Managing Mature Products – Revitalization Strategies

The other night, I saw an ad from Kraft Foods on a “new” cereal – just bunches! Though, not a consumer of this tasty meal, the ad story got my attention immediately. What stroke me – is the way the plot unfolds in the ad – it does depict a process when adding a new value can revive an existing product or come up with an extension. All you do is magnify one feature or functionality (like increasing a TV screen produced a market for home theaters), or eliminate a feature (like with the above mentioned Honey Bunch Oats, no flakes – just bunches).

There are three core strategies that can  be examined in the market to demonstrate revitalization:

1. Adding a new value – usually this is the way to look for creative opportunities to redefine the product. Sony executed this strategy when it created the Walkman, while it replaced speakers with a headset. The minivan combined the benefits of a station wagon and a van. In can even go way further into creating a hybrid from two products that are so unrelated, but when merged create a “new” niche product.  Michael Gibbert and David Mazursky call those category revolutions or “cross-breeds” in their article on combining two categories to come up with new products.

2. Repositioning – involves creating a new competitive position in the minds of the consumers.  Many a times, it can be classified as a bit controversial or far-fetched from the status quo.  Examples include utilizing some social trend in a reverse manner – with a wireless technology being built in various products – some coffee shops or service establishments chose to create a demand for anti-technology while jamming some sections of their establishments to provide cell free and wireless free zones for its customers.
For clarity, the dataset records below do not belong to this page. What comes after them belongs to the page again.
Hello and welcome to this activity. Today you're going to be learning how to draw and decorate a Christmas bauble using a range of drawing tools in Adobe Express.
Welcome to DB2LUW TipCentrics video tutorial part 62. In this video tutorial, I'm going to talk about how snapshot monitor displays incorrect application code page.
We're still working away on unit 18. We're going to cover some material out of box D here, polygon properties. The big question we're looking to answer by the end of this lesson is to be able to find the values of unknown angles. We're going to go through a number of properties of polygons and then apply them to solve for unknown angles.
Or like the mentioned Ikea store experience, where no sales assistance store experience is accepted by customers in lieu of other benefits (specific ambiance, cafe, etc).
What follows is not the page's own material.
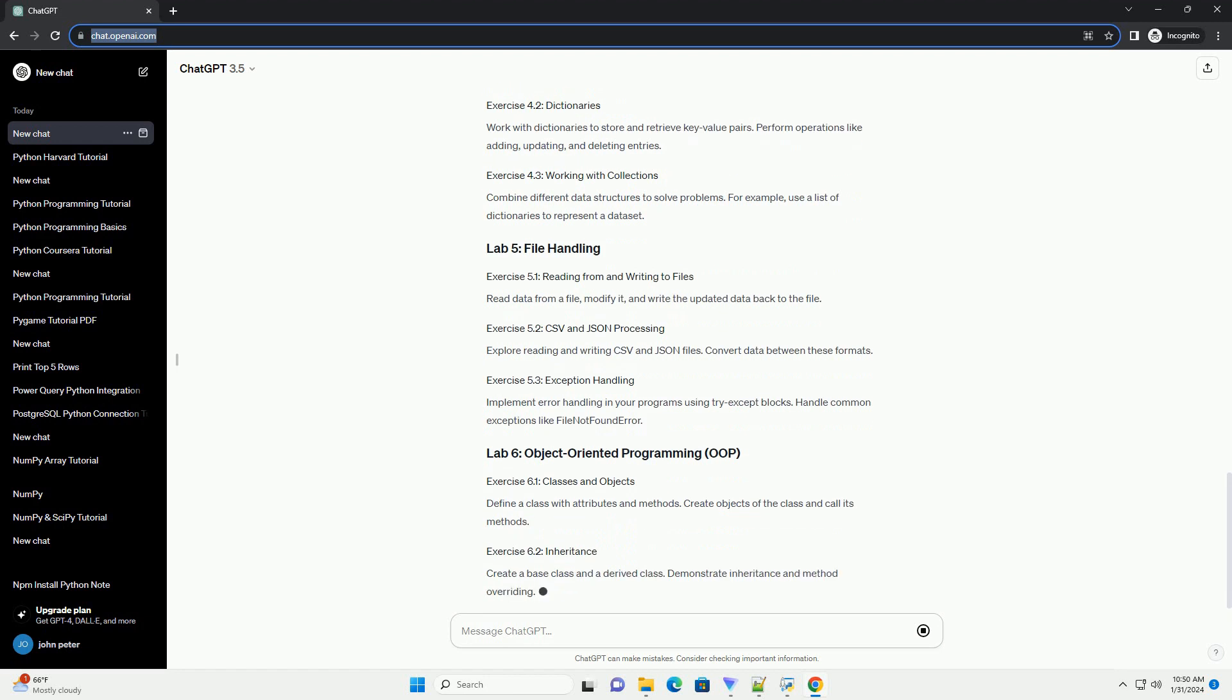Create and manipulate lists, tuples, and sets. Perform operations like appending, slicing, and iterating.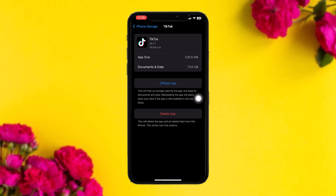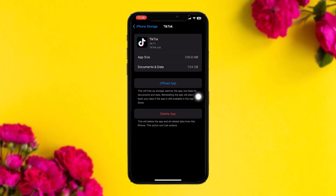Once you tap on it, you'll be provided with two options. Tap on 'Offload App.' What this does is it cleans the app by clearing all the bugs and glitches that are present in the app, which might be causing the issues you are facing. Once the process is complete, tap on it again and try reopening TikTok, and that will fix the issue.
3. Extending the base – implies increasing the adoption rate, usage rate or entering new markets. To figure its feasibility, product managers would profile the customers that tend to buy more than average or consume more than average and find out what causes them to do that.  Another way to do so is to find unusual customers or product usage patterns that lead to defining new segments.  Example of this approach is Superior Clay Corporation that reacted to its clay sewer pipes being replaceed by plastic.  It did discover a new niche for decorative chimney pots and fireplace flue liners.

Whatever strategy one might apply, sometimes killing a product could be the best solution. Thus, it is critical to assess its performance, demand and potential costs before exercising any of the above-illustrated options!